Nach einer Weile entließ der Schrecken ihn aus seinen Klauen und schleuderte ihn weinend zu Boden. Ihm fiel ein, dass er sein Feuerzeug vielleicht beim Anzünden der dritten Lampe aus dem Rucksack genommen hatte. Andererseits hatte er sie mithilfe eines Spans an einer der anderen Lampen angezündet, weshalb es gar keinen Grund gegeben hatte, Feuersteine und Mulm hervorzuholen. Trotzdem mochte es so gewesen sein. Das war nicht weit von hier gewesen; er war sich nicht sicher, wo genau, weil er in der Dunkelheit alle Lampen hierher zu seinem Rucksack getragen hatte.

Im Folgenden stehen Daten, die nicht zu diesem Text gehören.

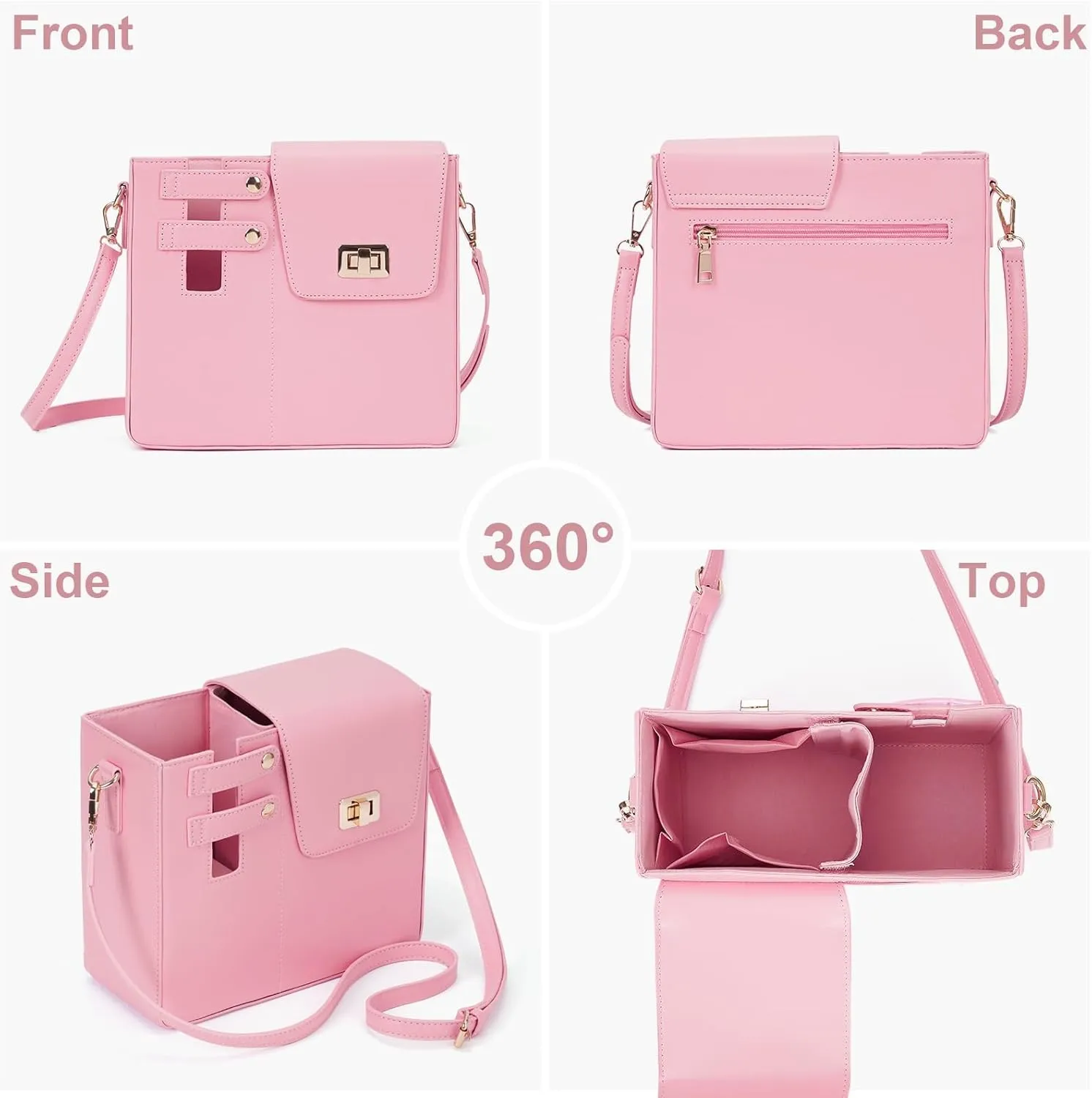 Lushandy Crossbody Bag for Stanley Purse Cup Holder Bag Stanley Cup Bags Portable Water Bottle Purse with Strap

Er kroch in die Richtung, in der er die dritte Lampe gefunden zu haben meinte, und tastete dabei den Höhlenboden ab. Nichts. Als er versuchte, zu seinem Rucksack zurückzukehren, fand er ihn eine Weile nicht wieder. Als er ihn schließlich ausfindig gemacht hatte, weinte er erneut, und danach nahm er den Rucksack beim Umherkriechen mit. Er fand ein paar Steine auf dem Boden und einige Kohlestöcke, die in einem kleinen Loch an der Wand lehnten. Ein Maul mit Zähnen, riesig in der Finsternis, größer als sein Kopf: Das musste der Schädel eines Höhlenbären sein, kein Zweifel. Er war lang und voller Zähne und hatte die Wölbung an der Stirn, an der man einen Höhlenbären erkannte, obwohl bereits seine schiere Größe keinen Zweifel aufkommen ließ.